▶ _EXERCISE DETAILS_
The lines below, from the one holding "veritabanı. Web simgesi basit illüstrasyon" through the one holding "Pebble Beach golf", are to be restated word for word, with all images left out.

▶ _SOURCE RECORDS_
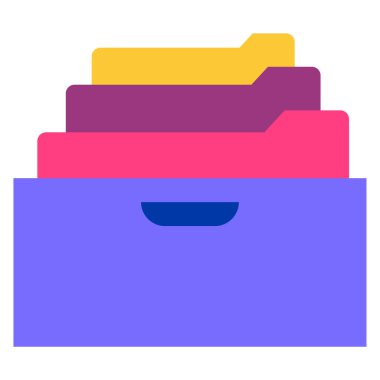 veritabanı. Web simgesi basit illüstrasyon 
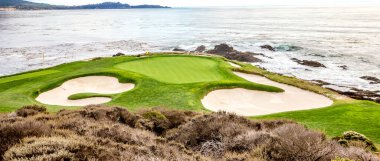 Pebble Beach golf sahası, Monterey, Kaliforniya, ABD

---

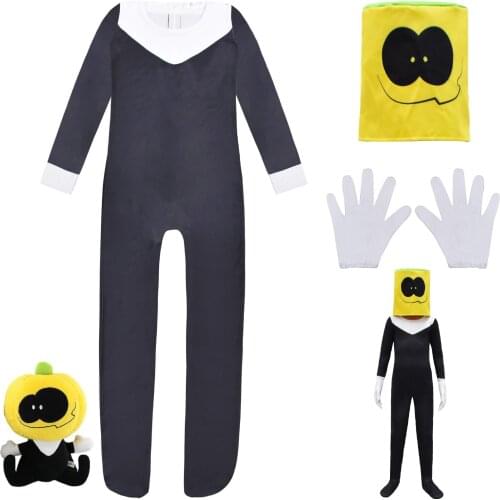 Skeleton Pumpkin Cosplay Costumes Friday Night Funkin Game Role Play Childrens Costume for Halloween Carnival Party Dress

▶ _WRITTEN RESPONSE_
 veritabanı. Web simgesi basit illüstrasyon 
 Pebble Beach golf sahası, Monterey, Kaliforniya, ABD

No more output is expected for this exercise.